[YOUR OBJECTIVE] Write out exactly the lines below that run from the one containing "2026 Volvo XC90 B6 Ultra Dark Theme 7-Seater" through the one containing "تامر رئيسا للجنة", both included, with no other lines.

[DATA RECORDS]
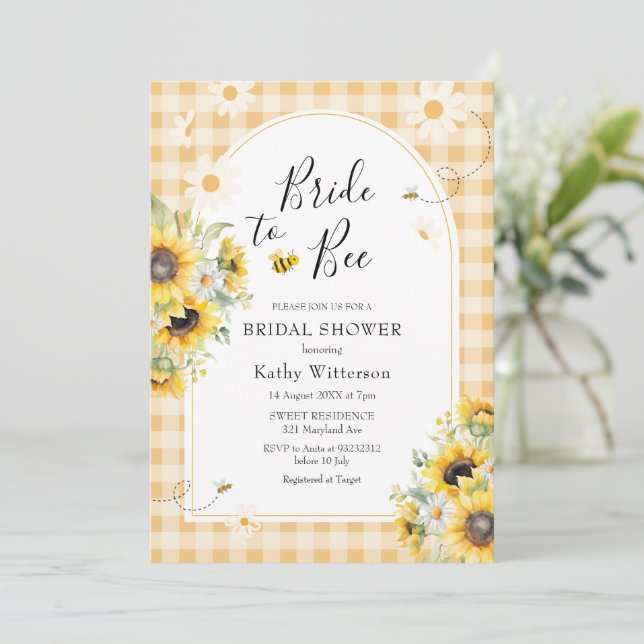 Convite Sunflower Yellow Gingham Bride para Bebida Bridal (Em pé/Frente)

...

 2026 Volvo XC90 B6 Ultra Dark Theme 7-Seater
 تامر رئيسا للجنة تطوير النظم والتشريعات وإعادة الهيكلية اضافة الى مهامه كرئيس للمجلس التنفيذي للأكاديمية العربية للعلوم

[COMPLETED TASK]
 2026 Volvo XC90 B6 Ultra Dark Theme 7-Seater
 تامر رئيسا للجنة تطوير النظم والتشريعات وإعادة الهيكلية اضافة الى مهامه كرئيس للمجلس التنفيذي للأكاديمية العربية للعلوم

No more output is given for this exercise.